:: Source records ::
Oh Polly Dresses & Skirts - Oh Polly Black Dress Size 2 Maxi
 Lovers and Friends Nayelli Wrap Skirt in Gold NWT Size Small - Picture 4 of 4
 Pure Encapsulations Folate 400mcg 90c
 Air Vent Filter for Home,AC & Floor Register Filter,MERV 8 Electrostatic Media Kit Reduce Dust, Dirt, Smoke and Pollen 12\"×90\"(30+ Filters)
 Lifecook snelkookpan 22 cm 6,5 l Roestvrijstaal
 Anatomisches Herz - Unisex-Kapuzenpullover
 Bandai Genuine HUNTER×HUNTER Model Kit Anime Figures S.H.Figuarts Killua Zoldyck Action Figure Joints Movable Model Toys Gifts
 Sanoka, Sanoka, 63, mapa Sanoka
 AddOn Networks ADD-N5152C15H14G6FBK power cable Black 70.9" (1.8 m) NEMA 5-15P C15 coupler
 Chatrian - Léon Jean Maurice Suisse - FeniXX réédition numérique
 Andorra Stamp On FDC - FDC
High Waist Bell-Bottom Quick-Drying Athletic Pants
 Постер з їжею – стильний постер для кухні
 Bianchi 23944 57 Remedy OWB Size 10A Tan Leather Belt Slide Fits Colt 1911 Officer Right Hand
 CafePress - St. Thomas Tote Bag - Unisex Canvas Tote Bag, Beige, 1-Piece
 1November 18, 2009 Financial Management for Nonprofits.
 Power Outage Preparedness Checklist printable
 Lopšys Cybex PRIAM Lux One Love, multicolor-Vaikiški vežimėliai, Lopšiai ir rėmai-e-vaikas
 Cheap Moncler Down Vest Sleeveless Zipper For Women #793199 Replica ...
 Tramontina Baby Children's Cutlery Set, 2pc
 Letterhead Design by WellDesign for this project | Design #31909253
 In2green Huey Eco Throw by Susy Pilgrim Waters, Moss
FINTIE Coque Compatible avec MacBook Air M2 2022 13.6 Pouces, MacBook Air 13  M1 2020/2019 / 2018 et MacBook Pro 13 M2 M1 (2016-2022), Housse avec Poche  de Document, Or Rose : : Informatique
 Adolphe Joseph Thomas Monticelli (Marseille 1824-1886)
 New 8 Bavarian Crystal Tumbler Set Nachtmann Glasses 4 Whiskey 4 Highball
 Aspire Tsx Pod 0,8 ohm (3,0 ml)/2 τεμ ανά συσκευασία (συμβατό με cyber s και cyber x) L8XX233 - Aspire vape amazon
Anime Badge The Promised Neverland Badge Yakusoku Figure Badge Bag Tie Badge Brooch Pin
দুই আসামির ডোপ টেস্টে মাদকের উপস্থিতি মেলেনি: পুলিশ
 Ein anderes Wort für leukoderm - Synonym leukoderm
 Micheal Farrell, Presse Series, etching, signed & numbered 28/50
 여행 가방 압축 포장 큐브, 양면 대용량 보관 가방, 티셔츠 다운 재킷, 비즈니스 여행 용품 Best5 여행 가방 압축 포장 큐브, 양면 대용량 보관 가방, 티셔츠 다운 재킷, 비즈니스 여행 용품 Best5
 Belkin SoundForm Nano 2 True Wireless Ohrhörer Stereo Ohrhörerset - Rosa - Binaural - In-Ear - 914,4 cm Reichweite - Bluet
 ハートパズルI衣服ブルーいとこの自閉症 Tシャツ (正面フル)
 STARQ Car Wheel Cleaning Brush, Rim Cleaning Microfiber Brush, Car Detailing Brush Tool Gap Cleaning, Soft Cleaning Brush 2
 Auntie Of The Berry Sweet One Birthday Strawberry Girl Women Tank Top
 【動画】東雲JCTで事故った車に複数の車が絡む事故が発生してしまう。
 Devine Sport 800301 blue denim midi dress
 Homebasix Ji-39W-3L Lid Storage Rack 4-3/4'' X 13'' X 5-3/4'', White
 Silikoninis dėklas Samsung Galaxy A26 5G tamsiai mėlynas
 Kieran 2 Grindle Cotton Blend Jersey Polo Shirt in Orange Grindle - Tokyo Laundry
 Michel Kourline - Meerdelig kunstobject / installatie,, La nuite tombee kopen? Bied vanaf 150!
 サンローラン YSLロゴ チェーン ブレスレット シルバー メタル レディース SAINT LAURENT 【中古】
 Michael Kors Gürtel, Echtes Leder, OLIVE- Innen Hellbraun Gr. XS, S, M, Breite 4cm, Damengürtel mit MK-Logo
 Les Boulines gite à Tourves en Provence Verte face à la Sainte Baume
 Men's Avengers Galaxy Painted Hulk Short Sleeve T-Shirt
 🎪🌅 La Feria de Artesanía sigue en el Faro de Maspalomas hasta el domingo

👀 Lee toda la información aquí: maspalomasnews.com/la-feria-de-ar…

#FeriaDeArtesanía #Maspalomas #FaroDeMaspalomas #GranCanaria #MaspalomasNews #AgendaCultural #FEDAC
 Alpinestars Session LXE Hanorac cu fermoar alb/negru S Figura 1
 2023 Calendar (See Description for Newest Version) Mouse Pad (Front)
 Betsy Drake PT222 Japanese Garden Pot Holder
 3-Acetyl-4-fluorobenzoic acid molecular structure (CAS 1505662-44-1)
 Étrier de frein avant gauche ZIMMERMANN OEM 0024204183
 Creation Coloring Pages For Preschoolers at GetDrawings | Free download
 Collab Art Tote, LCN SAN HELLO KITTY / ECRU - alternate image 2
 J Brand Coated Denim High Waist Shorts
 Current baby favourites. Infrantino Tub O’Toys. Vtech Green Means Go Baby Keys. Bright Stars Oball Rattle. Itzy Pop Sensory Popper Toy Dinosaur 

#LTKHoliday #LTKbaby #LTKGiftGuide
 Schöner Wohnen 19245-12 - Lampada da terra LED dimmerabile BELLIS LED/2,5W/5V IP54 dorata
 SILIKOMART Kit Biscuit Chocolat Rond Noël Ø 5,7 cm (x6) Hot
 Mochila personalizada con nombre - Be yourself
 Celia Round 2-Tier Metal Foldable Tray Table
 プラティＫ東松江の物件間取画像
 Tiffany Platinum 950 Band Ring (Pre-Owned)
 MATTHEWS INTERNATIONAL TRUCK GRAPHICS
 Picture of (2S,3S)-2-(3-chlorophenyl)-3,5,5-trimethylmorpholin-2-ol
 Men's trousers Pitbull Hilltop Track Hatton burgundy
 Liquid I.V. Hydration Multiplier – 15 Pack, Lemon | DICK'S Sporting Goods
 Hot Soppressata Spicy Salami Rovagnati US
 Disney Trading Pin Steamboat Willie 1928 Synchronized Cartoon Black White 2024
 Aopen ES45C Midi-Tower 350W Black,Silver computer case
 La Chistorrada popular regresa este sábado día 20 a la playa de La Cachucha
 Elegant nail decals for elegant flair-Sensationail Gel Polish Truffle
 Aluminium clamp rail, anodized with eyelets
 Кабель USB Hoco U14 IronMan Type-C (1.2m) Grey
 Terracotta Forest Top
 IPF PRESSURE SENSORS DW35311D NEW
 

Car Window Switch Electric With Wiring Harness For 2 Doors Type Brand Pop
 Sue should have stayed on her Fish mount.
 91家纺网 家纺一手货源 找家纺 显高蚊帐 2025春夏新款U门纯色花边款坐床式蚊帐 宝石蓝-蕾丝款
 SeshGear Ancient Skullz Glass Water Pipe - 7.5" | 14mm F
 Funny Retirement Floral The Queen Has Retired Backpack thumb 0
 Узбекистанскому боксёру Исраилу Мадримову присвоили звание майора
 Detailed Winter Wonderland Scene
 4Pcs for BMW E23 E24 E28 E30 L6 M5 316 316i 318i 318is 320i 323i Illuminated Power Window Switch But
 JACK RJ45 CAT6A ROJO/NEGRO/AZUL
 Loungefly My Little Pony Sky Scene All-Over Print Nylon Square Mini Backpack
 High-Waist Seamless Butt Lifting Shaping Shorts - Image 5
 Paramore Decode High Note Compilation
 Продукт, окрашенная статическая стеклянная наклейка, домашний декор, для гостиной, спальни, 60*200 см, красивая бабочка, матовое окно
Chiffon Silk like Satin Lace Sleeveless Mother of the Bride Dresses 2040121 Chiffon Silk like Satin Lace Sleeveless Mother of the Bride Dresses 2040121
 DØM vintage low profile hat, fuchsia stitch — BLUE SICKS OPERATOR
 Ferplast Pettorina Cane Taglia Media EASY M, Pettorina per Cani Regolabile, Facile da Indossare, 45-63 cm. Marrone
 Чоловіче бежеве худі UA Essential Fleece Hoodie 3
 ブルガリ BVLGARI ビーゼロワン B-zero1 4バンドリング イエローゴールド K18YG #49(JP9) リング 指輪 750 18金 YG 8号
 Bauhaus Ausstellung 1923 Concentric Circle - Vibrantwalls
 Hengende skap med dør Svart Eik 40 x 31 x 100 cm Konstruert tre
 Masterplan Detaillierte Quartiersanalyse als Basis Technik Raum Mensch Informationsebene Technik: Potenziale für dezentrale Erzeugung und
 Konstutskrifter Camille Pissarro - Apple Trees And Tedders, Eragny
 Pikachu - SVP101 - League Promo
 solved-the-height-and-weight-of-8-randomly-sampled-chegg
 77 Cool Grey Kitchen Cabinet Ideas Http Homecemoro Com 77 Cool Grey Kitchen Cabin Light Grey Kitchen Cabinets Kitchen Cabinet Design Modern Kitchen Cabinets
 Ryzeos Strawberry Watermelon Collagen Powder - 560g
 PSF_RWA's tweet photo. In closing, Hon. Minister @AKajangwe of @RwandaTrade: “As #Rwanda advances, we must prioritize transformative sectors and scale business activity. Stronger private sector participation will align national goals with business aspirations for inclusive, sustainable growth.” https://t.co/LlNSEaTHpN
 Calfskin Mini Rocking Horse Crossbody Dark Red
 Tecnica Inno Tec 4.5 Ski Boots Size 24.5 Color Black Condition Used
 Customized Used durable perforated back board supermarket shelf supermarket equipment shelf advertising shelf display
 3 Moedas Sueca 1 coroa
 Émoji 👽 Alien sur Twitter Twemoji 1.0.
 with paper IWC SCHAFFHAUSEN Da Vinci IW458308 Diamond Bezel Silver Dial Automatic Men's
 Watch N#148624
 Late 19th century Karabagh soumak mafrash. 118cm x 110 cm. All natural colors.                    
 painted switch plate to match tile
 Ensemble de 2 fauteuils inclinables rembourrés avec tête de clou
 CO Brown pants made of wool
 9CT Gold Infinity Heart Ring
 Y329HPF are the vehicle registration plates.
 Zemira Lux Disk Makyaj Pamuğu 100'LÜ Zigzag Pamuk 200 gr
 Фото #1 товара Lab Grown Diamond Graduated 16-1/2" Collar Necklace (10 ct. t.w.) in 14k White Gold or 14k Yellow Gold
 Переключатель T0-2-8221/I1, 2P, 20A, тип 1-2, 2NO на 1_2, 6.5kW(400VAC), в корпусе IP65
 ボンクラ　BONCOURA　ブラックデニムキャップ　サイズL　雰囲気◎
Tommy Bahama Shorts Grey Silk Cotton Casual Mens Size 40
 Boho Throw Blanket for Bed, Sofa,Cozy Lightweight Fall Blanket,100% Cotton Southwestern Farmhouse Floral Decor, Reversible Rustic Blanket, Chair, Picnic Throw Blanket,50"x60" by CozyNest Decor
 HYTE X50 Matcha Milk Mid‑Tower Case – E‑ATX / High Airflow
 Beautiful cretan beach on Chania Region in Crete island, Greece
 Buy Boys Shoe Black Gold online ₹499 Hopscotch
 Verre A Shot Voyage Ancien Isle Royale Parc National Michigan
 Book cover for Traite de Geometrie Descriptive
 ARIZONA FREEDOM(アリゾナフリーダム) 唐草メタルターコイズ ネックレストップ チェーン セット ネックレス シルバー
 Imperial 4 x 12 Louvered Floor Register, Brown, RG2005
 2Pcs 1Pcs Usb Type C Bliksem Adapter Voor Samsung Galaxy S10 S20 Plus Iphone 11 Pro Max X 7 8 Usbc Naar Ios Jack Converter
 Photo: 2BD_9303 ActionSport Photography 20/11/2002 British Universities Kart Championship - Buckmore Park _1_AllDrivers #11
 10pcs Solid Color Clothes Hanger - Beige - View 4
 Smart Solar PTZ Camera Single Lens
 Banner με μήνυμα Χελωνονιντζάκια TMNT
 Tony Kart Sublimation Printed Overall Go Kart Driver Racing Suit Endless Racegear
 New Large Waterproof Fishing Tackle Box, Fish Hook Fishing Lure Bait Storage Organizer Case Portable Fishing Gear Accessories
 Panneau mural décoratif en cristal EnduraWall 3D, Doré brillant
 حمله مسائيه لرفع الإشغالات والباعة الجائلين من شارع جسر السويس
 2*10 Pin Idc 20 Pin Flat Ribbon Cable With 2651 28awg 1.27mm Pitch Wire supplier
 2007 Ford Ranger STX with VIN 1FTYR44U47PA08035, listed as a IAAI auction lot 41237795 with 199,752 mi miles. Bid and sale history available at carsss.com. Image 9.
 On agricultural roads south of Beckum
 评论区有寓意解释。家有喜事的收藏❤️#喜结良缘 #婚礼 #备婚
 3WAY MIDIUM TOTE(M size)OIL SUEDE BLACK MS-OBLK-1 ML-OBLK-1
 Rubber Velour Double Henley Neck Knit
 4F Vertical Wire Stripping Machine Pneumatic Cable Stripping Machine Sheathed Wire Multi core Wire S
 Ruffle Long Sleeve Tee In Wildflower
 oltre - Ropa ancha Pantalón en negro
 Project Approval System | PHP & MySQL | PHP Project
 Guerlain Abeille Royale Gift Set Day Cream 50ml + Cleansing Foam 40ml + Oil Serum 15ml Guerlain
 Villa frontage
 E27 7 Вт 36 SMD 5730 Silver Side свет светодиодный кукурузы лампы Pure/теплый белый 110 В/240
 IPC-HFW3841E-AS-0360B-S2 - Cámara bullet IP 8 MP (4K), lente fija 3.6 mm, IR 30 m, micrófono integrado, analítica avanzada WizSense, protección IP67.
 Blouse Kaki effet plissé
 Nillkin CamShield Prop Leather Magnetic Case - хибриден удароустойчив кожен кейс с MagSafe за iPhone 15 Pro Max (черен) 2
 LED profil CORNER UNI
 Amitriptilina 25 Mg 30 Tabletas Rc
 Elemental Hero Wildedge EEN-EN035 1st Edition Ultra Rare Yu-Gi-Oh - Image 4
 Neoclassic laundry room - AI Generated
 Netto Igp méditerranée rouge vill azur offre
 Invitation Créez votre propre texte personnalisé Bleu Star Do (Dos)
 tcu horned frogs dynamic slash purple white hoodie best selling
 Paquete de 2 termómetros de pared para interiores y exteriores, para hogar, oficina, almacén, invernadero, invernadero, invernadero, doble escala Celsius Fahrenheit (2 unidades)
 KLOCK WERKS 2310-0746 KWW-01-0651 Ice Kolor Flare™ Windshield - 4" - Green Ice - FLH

:: EXERCISE ::
Starting at the line above that holds "with paper IWC" and ending at the line that holds "Imperial 4 x", transcribe each line exactly and include no other lines.

:: YOUR SOLUTION ::
 with paper IWC SCHAFFHAUSEN Da Vinci IW458308 Diamond Bezel Silver Dial Automatic Men's
 Watch N#148624
 Late 19th century Karabagh soumak mafrash. 118cm x 110 cm. All natural colors.                    
 painted switch plate to match tile
 Ensemble de 2 fauteuils inclinables rembourrés avec tête de clou
 CO Brown pants made of wool
 9CT Gold Infinity Heart Ring
 Y329HPF are the vehicle registration plates.
 Zemira Lux Disk Makyaj Pamuğu 100'LÜ Zigzag Pamuk 200 gr
 Фото #1 товара Lab Grown Diamond Graduated 16-1/2" Collar Necklace (10 ct. t.w.) in 14k White Gold or 14k Yellow Gold
 Переключатель T0-2-8221/I1, 2P, 20A, тип 1-2, 2NO на 1_2, 6.5kW(400VAC), в корпусе IP65
 ボンクラ　BONCOURA　ブラックデニムキャップ　サイズL　雰囲気◎
Tommy Bahama Shorts Grey Silk Cotton Casual Mens Size 40
 Boho Throw Blanket for Bed, Sofa,Cozy Lightweight Fall Blanket,100% Cotton Southwestern Farmhouse Floral Decor, Reversible Rustic Blanket, Chair, Picnic Throw Blanket,50"x60" by CozyNest Decor
 HYTE X50 Matcha Milk Mid‑Tower Case – E‑ATX / High Airflow
 Beautiful cretan beach on Chania Region in Crete island, Greece
 Buy Boys Shoe Black Gold online ₹499 Hopscotch
 Verre A Shot Voyage Ancien Isle Royale Parc National Michigan
 Book cover for Traite de Geometrie Descriptive
 ARIZONA FREEDOM(アリゾナフリーダム) 唐草メタルターコイズ ネックレストップ チェーン セット ネックレス シルバー
 Imperial 4 x 12 Louvered Floor Register, Brown, RG2005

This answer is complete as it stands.